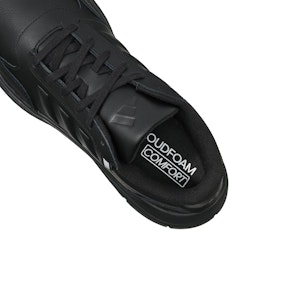 アディダス クラウドフォーム ステップ "コアブラック" JS0296 Sizing アディダス クラウドフォーム ステップ "コアブラック" JS0296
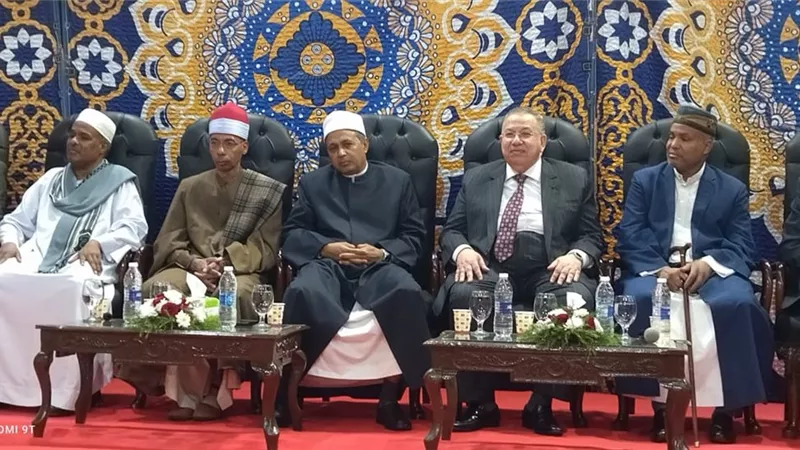 في مؤتمر حاشد بالأقصر : نقيب الأشراف .. نقف صفًا واحدًا خلف الرئيس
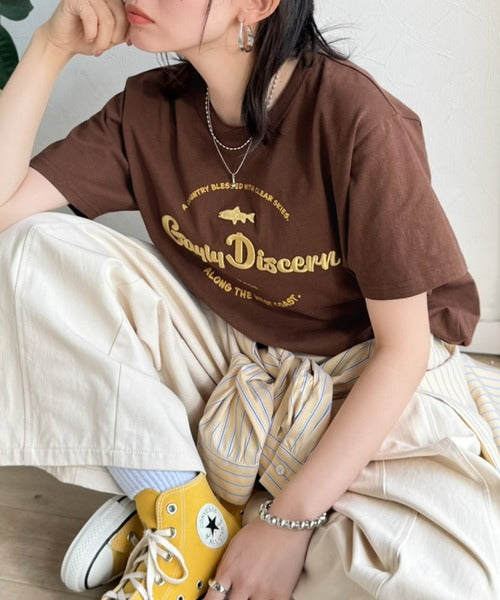 《JaVaジャバコラボ》刺繍とプリントが織りなす唯一無二のデザイン。綿100％おさかな刺繍Tシャツ jv1050359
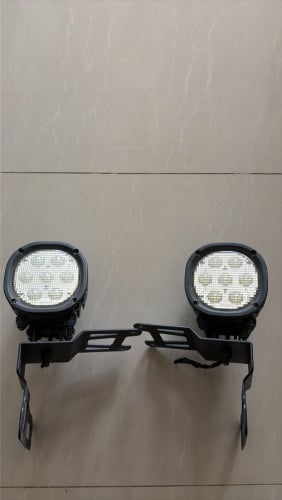 ភ្លើងឡាន jeep របស់ USA ភ្លឺខ្លាំង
============
What the task requires: When repeating the material above, keep every line exact and drop all pictures.

Expected answer:
 アディダス クラウドフォーム ステップ "コアブラック" JS0296 Sizing アディダス クラウドフォーム ステップ "コアブラック" JS0296
 في مؤتمر حاشد بالأقصر : نقيب الأشراف .. نقف صفًا واحدًا خلف الرئيس
 《JaVaジャバコラボ》刺繍とプリントが織りなす唯一無二のデザイン。綿100％おさかな刺繍Tシャツ jv1050359
 ភ្លើងឡាន jeep របស់ USA ភ្លឺខ្លាំង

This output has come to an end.